Little known (because racist radio stations at the time wouldn't play it) is The Death of Emmett Till released on the DooTone label. The song was written by A. C. Bilbrew. A long-time civil rights activist and mother of Jazz singer Kitty Jean Bilbrew. A.C. Bilbrew started an all-black-chorus way back before the great depression, and was the first African-American soloist to perform on radio. Her daughter Kitty is better known as Kitty Wright, but even she is largely forgotten now.
The Death of Emmett Till HERE is sung here by The Ramparts. The Ramparts were actually the jazzman and entertainer Scatman Crothers! The Scatman is probably best known for his role in Stanley Kubrick's "The Shining" but he had a LONG distinguished career.
Bob Dylan's song Death of Emmet Till is a different song and one of his finest compositions, though in 1962 he admits he stole the melody from Len Chandler's song The Bus Driver. Well, that's folk music. There ARE no original folk songs. Len Chandler is an African-American folksinger who borrowed melodies too. Lots of them. All folk songs grew out of the air and are swapped among friends when they are learned. If you think singer songwriters go home after their show, you haven't stuck around long enough to hear the jams. Or Hootnannies, as they were known back then. Mr. Chandler has been active in the movement for decades and his story would make a good documentary. Quick, name a folk singer who wrote songs for Pete Seeger, The Black Panthers and toured with Jane Fonda! Len Chandler. A hero. Below he appears with Dylan and Joan Baez at the March on Washington 1963. If you like, the complete performance 25 minute footage is available HERE.

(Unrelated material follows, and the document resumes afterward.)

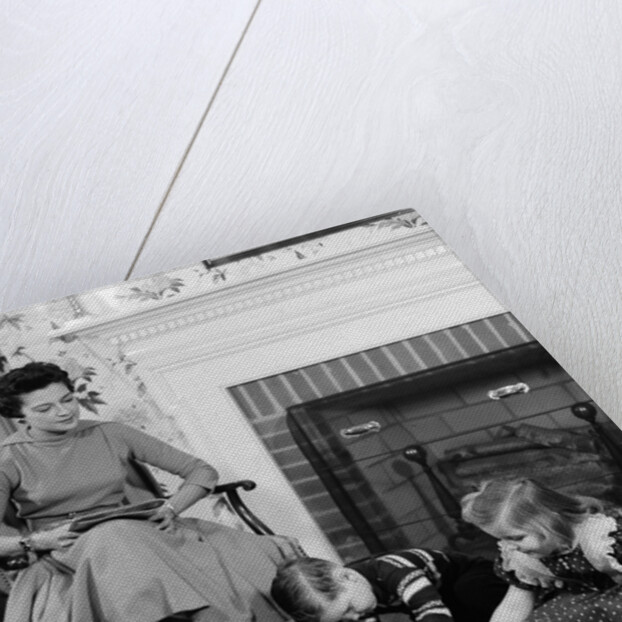 1950s mother watching son daughter playing game in front of fireplace by Anonymous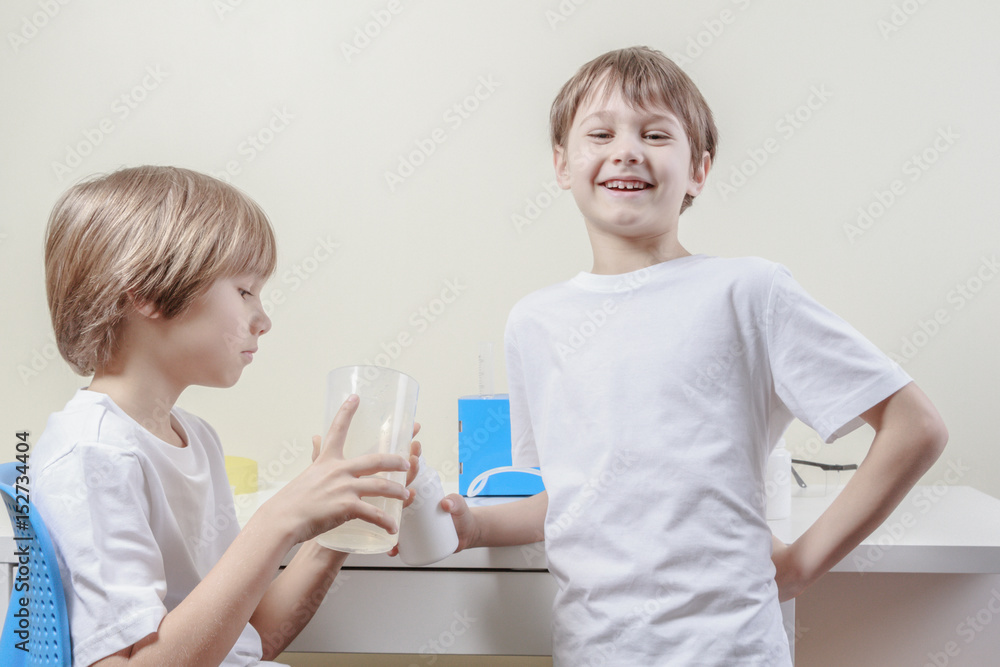 Kids have fun while doing science experiments. Education concept. Kids have fun while doing science experiments. Education concept.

Mr. Dylan chats with Cynthia Gooding about HIS song about Emmett Till, and reveals he uses Mr. Chandler's melody.
BD: This one's called, em, Emmett Till. Oh, by the way, the melody here is, excuse me, the melody, I stole the melody from Len Chandler. An' he's a funny guy. He's a, he's a folk singer guy. He uses a lot of funny chords you know when he plays and he's always getting to, want me, to use some of these chords, you know, trying to teach me new chords all the time. Well, he played me this one. Said don't those chords sound nice? An' I said they sure do, an' so I stole it, stole the whole thing.
CG: That was his first mistake.
*Dylan plays the song*
BD: You like that one?
CG: It's one of the greatest contemporary ballads I've ever heard. It s tremendous.
BD: You think so?
CG: Oh yes!
BD: I just wrote that one about last week, I think.
CG: Fine song. It makes me very proud. It's uh, what's so magnificent about it to me, is that it doesn't have any sense of being written, you know. It sounds as if it just came out of .... it doesn't have any of those little poetic contortions that mess up so many contemporary ballads, you know.
BD: Oh yeah, I try to keep it working.
CG: Yeah, and you sing it so straight. That's fine.
BD: Just wait til' Len Chandler hears the melody though.
CG: He'll probably be very pleased with what you did to it. What song does he sing to it?
BD: He sings another one he wrote, you know. About some bus driver out in Colorado, that crashed a school bus with 27 kids. That's a good one too. It's a good song.
Whether Len Chandler ever recorded the song is questionable, but the Peter Shaff version of Bus Driver is available at this LINK and it is in fact the same melody as Dylan's. Dylan was friends with Len Chandler during the Gaslight days and mentions him in his autobiography Chronicles Volume 1.